Deleting Data from Vertica

Vertica is a high-performance column-store analytic database. For deleting data, Vertica differs from traditional databases in two ways:

The DELETE statement does not actually delete data from the disk storage; it marks rows as deleted so that they can be retrieved by historical queries.
The UPDATE statement performs two tasks: It writes the new data and marks the old data for deletion.

The DELETE statement does not delete the data from the disk storage. Instead, the statement creates a delete vector that records the position of the deleted record and the epoch when the delete was committed.

Reasons for Deleting Data

Common reasons for deleting data are as follows:

You need to delete historical data at regular intervals.
You need to update and/or delete data loaded by mistake.
You need to delete staging tables.

Different Types of Delete

	Recommended Load	Rollback Possibility	Performance	Use
Single Row Delete	WOS	Yes	Depends on projection design	Recommended in WOS so that deleted rows are combined in one delete vector when data is moved out.
Trickle Load	WOS	Yes	Depends on Projection Design	Recommended for small batches that happen at frequent intervals.
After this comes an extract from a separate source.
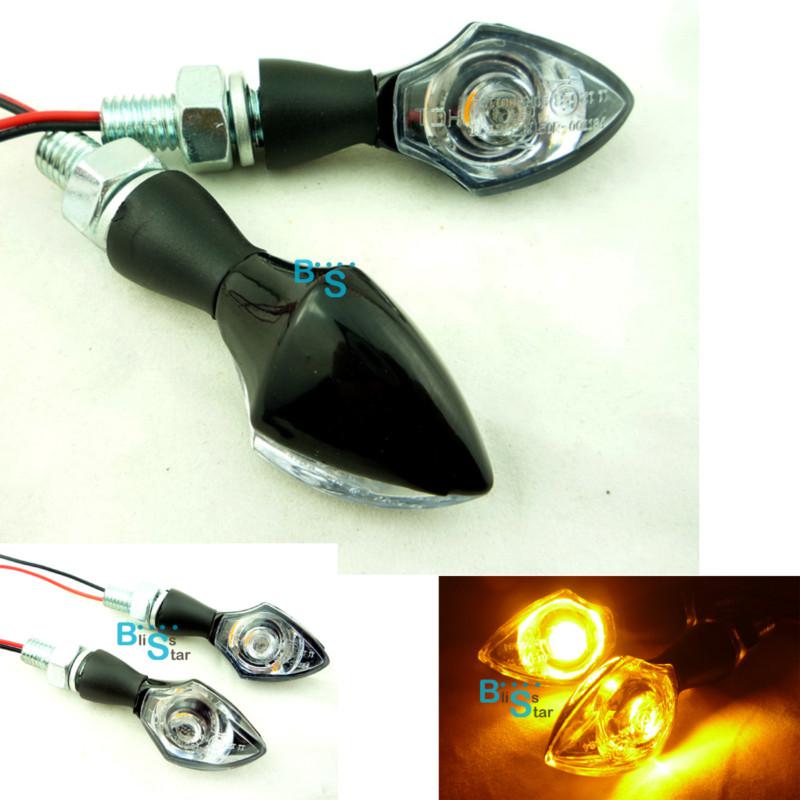 Black universal motorcycle mini indicator led turn signals blinker amber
Recommended in WOS so that deleted rows are combined in one delete vector when data is moved out.
Bulk Delete	Direct ROS	Yes	Depends on projection design	Recommended because it creates one delete vector for each ROS that has data to be marked as deleted.
Drop Partition	N/A	No	Fast with catalog removal and storage is removed in the background.	Recommended to clean historic data. It forces the moveout operation before executing to move data inserted in ROS that belongs to partition to be removed.
Truncate	N/A	No	Fast with catalog object changes and storage is removed in the background.	Removes all storage associated with a table while preserving the table definition. Recommended when you need to clean the table content.

Removing Deleted Data Permanently

To make the disk space reusable, Vertica allows you to permanently remove the deleted data from the physical storage of the database. The deleted data is permanently removed from the ROS container. You can control the deletion of data in the physical storage of your database by enabling the Tuple Mover to remove the data automatically or removing the data manually.

The Ancient History Mark (AHM) decides when the data is removed permanently. The AHM is an epoch that represents the time until which the history is retained. Any history older than the AHM is eligible for permanent removal.

To determine which data is eligible for automatic removal by the Tuple Mover, set a purge policy. Best practices for setting a purge policy are as follows:

Use the HistoryRetentionTime configuration parameter to specify the time in seconds for which deleted data is saved. This practice is the preferred method for determining which deleted data can be purged. To disable, set the HistoryRetentionTime configuration parameter to -1.

=> SELECT SET_CONFIG_PARAMETER('HistoryRetentionTime', '{ <seconds> | -1 }' );

Specify the number of historical epochs that are saved. To use this method, set the HistoryRetentionTime configuration parameter to -1 and set the number of historical epochs to be saved.

=> SELECT SET_CONFIG_PARAMETER('HistoryRetentionTime', ' -1 ' );
=> SELECT SET_CONFIG_PARAMETER('HistoryRetentionEpochs', '{<num_epochs>}');

Specify the percentage of deleted rows that need to be reached in order to permanently remove the data. In the following example, you set the percentage of deleted data to be purged as 20% of the total data.

=> SELECT SET_CONFIG_PARAMETER('PurgeMergeoutPercent', '{ Percent| 20 }' );

If a table is not partitioned, the Mergeout operation permanently removes the data of all the ROS containers that meet the PurgeMergeoutPercent of rows deleted in particular ROS.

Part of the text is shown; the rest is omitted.